**Data in this exercise:**

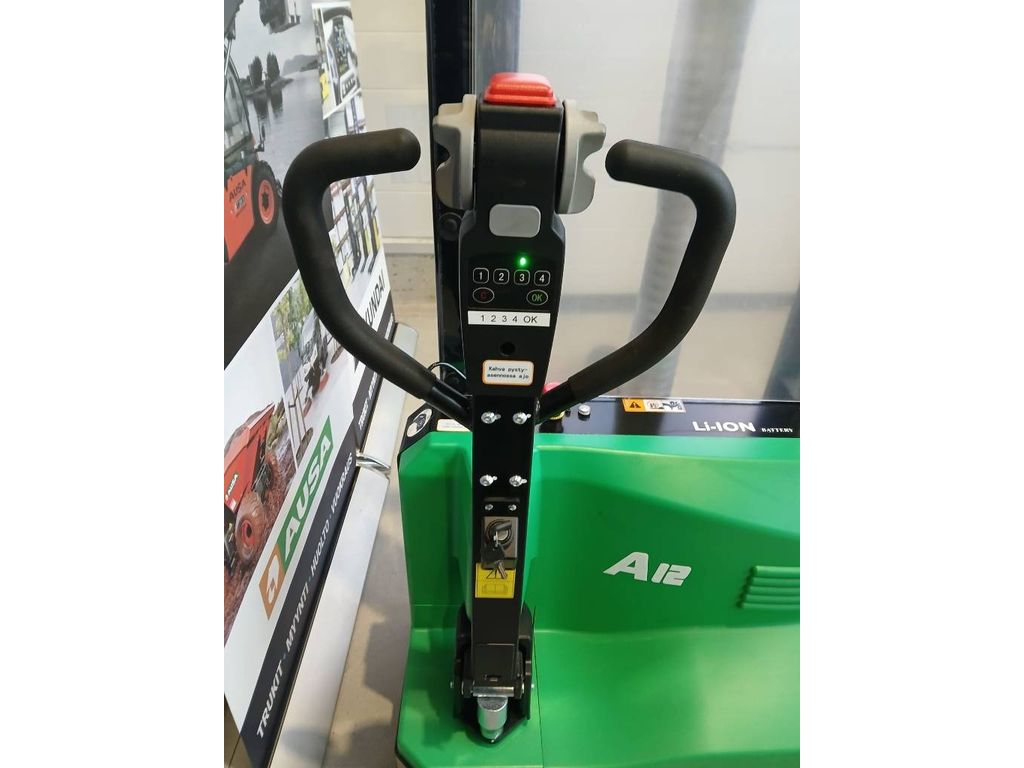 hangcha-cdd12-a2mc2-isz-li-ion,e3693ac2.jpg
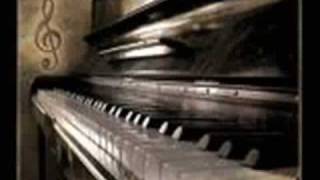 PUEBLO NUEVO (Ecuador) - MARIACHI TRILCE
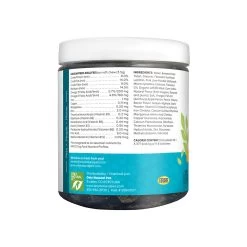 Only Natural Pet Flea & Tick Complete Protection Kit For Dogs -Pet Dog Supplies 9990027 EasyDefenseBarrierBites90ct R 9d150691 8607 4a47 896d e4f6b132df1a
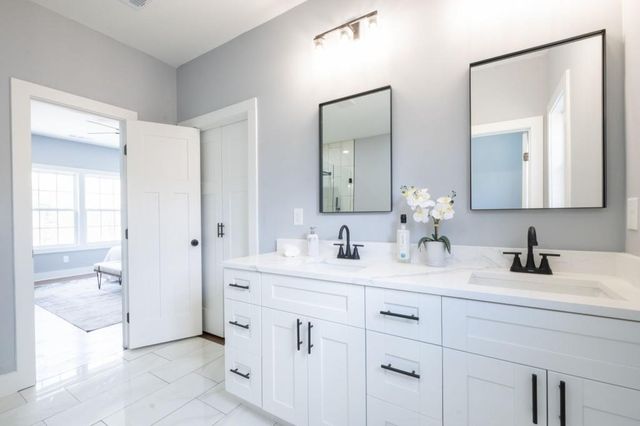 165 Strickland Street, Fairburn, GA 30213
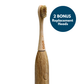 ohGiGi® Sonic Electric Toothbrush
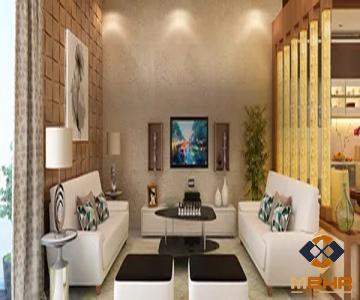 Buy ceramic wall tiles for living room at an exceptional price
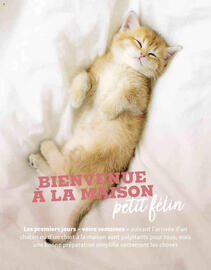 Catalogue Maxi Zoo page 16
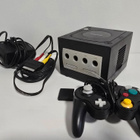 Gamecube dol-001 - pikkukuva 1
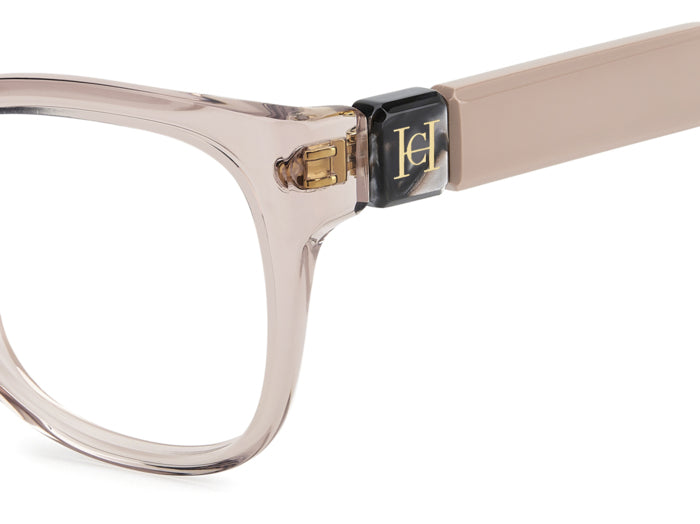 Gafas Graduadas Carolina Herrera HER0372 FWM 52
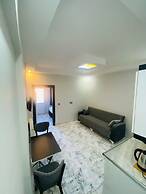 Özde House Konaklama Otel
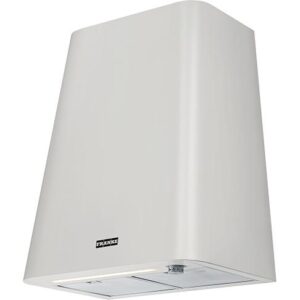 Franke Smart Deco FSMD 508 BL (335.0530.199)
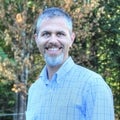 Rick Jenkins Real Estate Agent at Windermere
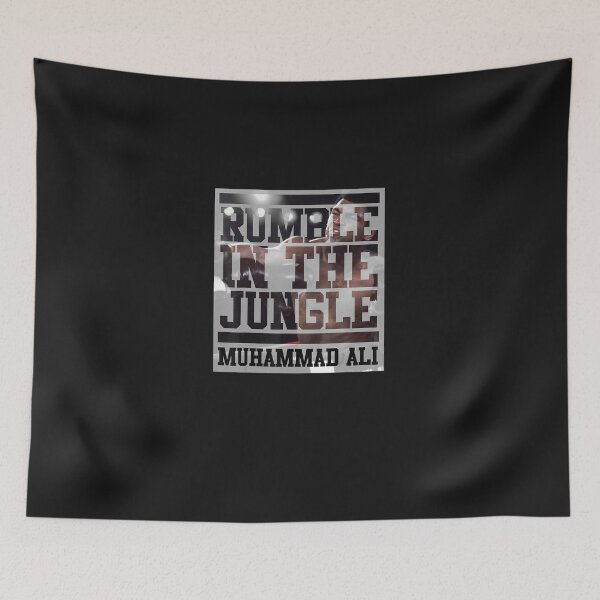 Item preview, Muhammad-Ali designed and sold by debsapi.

...

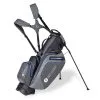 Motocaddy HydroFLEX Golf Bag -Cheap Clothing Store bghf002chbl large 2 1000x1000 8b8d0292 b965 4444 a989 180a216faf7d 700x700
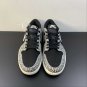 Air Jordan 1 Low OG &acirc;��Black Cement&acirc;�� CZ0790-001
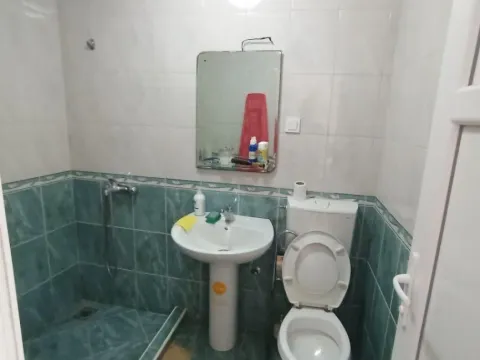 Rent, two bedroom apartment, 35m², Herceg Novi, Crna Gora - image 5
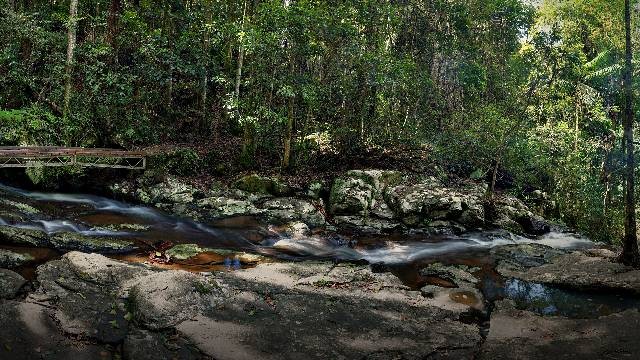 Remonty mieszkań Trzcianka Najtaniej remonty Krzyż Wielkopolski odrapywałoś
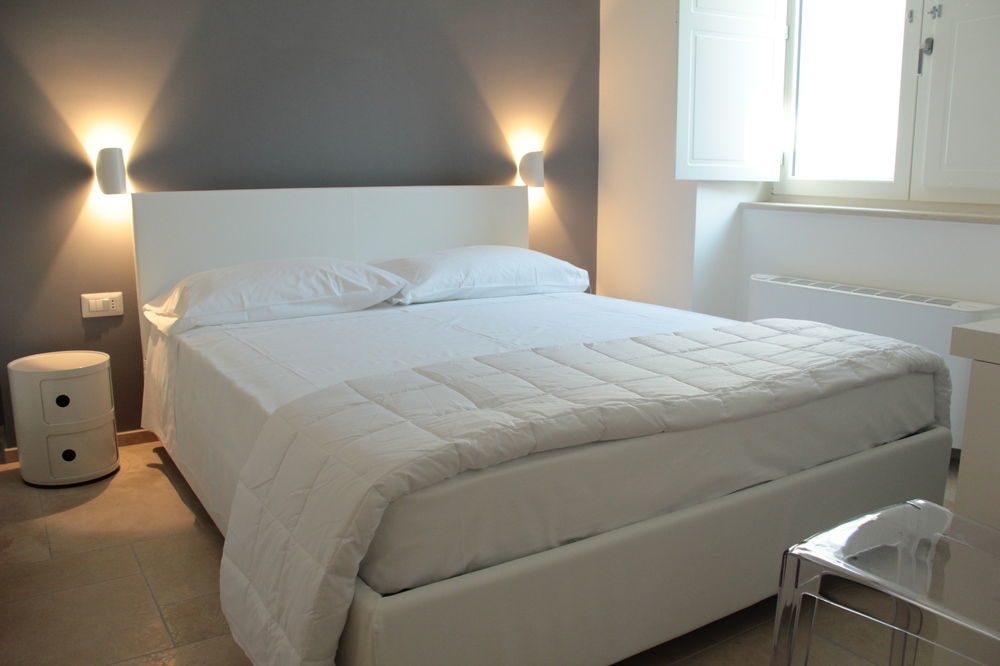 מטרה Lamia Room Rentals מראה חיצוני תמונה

**Work instruction:** The answer is those lines of the material above that run from the one containing "PUEBLO NUEVO (Ecuador) - MARIACHI TRILCE" up to and including the one containing "Item preview, Muhammad-Ali", restated exactly and without images.

**Result below:**
 PUEBLO NUEVO (Ecuador) - MARIACHI TRILCE
 Only Natural Pet Flea & Tick Complete Protection Kit For Dogs -Pet Dog Supplies 9990027 EasyDefenseBarrierBites90ct R 9d150691 8607 4a47 896d e4f6b132df1a
 165 Strickland Street, Fairburn, GA 30213
 ohGiGi® Sonic Electric Toothbrush
 Buy ceramic wall tiles for living room at an exceptional price
 Catalogue Maxi Zoo page 16
 Gamecube dol-001 - pikkukuva 1
 Gafas Graduadas Carolina Herrera HER0372 FWM 52
 Özde House Konaklama Otel
 Franke Smart Deco FSMD 508 BL (335.0530.199)
 Rick Jenkins Real Estate Agent at Windermere
 Item preview, Muhammad-Ali designed and sold by debsapi.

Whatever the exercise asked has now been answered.